Faith gives thanks! Faith praises! For though faith passively receives forgiveness and salvation, nonetheless, faith is always active. From faith flow good works and the giving of thanks and praise. To give thanks to someone is to say back to them the good thing that they’ve done for you. It is to acknowledge that they are responsible for the good that you’ve experienced. To praise someone is to speak highly of him, to exalt him, and such praise is directed both to the one you are praising as well as to others. And so beloved, by faith we give thanks to God. We acknowledge that not just some of the good we enjoy, but all of the good we enjoy comes from God. We thank Him for all the great and wonderful things He bestows upon us, for His undeserved mercy, and especially for the gifts of life and salvation He bestows upon us in Christ Jesus.
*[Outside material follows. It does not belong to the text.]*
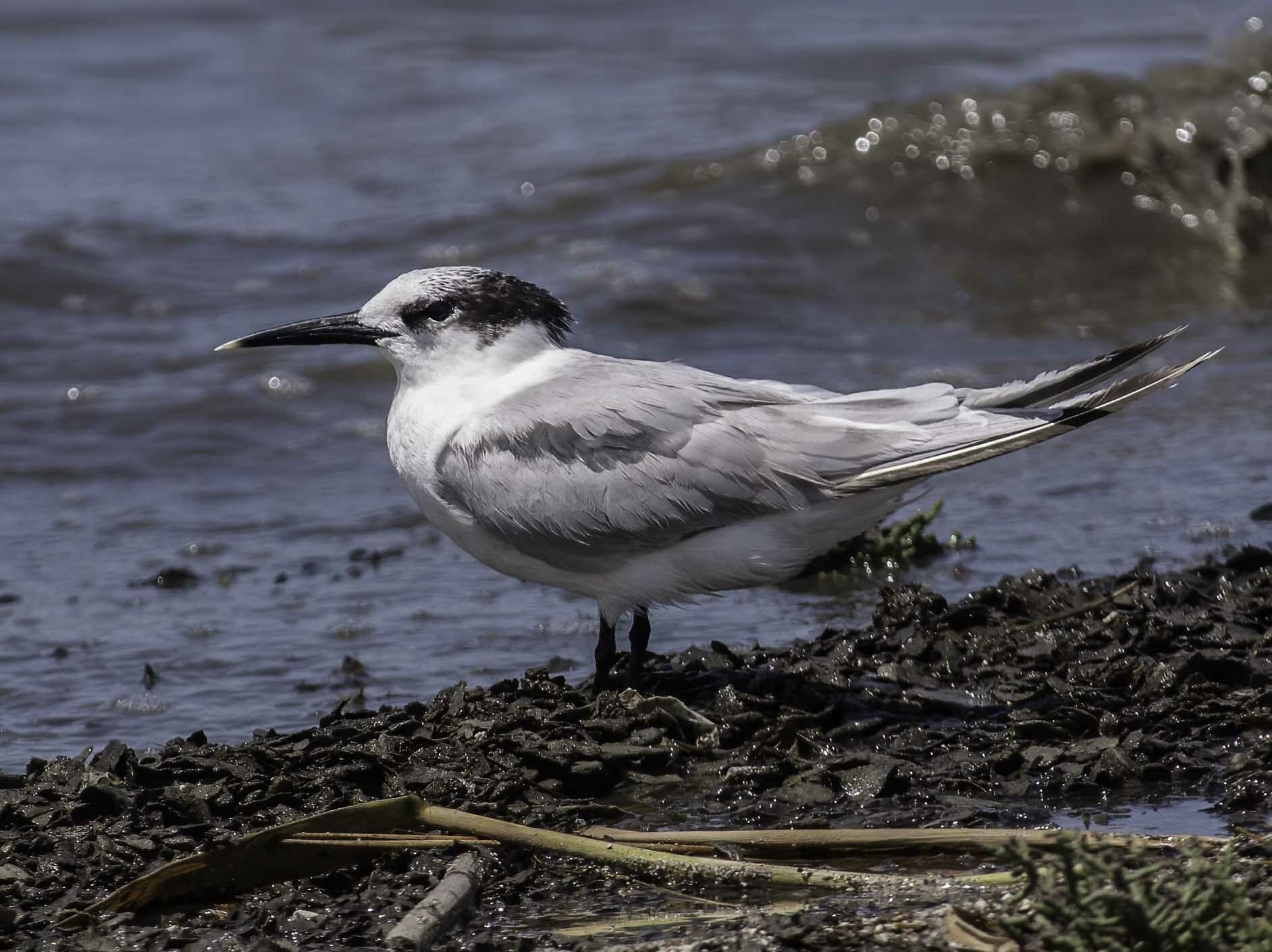 Sandwich Tern Thalasseus sandvicensis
And we praise Him. We not only sing our praises to Him, we also sing His praises to others as we confess Christ in our daily lives and vocations. And we live for Him. We live lives of thanksgiving and praise. We seek to fulfill His commandments. We daily crucify our sinful flesh, and walk in the newness of life given us in Christ Jesus, always trusting in the forgiveness of sins that we have in Christ. We make our whole life a sacrifice of thanksgiving to the God who has saved us by grace alone, and given us this salvation by faith alone, without works.

Faith alone without works. That is how we are saved. But faith is never alone. Faith is always active in good works. The apostle Paul writes: “For by grace you have been saved through faith. And this is not your own doing; it is the gift of God, not a result of works, so that no one may boast. For we are his workmanship, created in Christ Jesus for good works, which God prepared beforehand, that we should walk in them” (Eph. 2:8-10). Notice again, this is the gift of God. It is all the gift of God in Christ Jesus. Justification. Sanctification. It is the gift of God! By faith, the Samaritan understands this. By faith, you understand this. And so you also come this morning to the High Priest who has made the once-for-all sacrifice for your sins on the altar of the cross. You come to your High Priest Jesus Christ, and He pronounces you clean. You have been cleansed by His very blood. Thus being clean, you come to His house, to His feast. You come into the very presence of God and fall before His feet in thanksgiving. And Jesus says to you, “Rise. Rise out of the death of sin. Your faith has saved you. You are whole again.” In the Name of the Father, and of the Son (+), and of the Holy Spirit. Amen.